● Records shown:
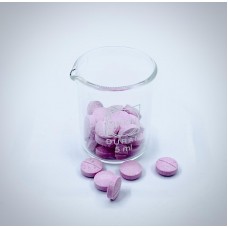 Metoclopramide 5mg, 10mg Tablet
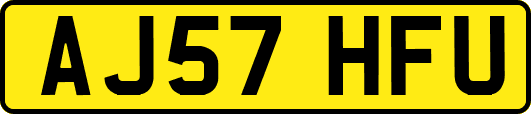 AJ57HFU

--

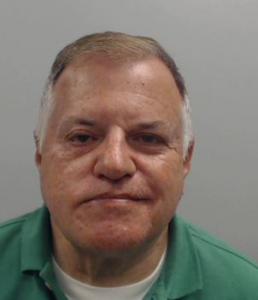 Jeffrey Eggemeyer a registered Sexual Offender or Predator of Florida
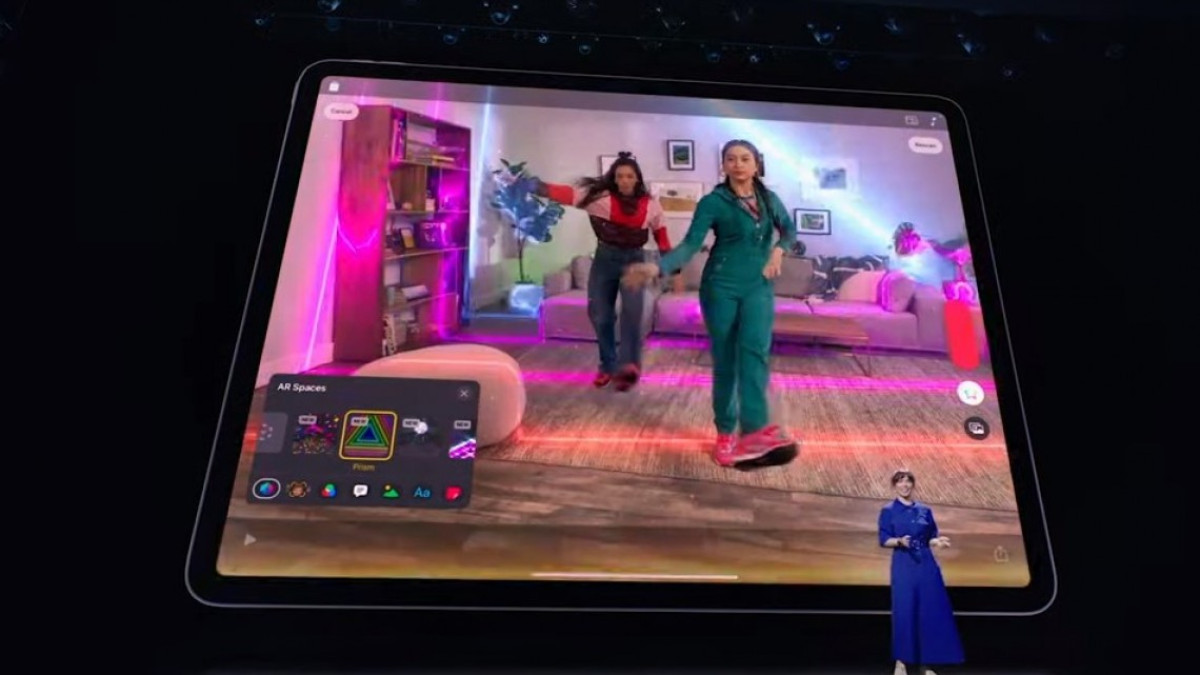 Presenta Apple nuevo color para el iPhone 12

● Work to be completed: Beginning at the line that has "Jeffrey Eggemeyer a" and ending at the line that has "Presenta Apple nuevo color para el iPhone 12", restate the listing above word for word, pictures left out.

● Written solution:
 Jeffrey Eggemeyer a registered Sexual Offender or Predator of Florida
 Presenta Apple nuevo color para el iPhone 12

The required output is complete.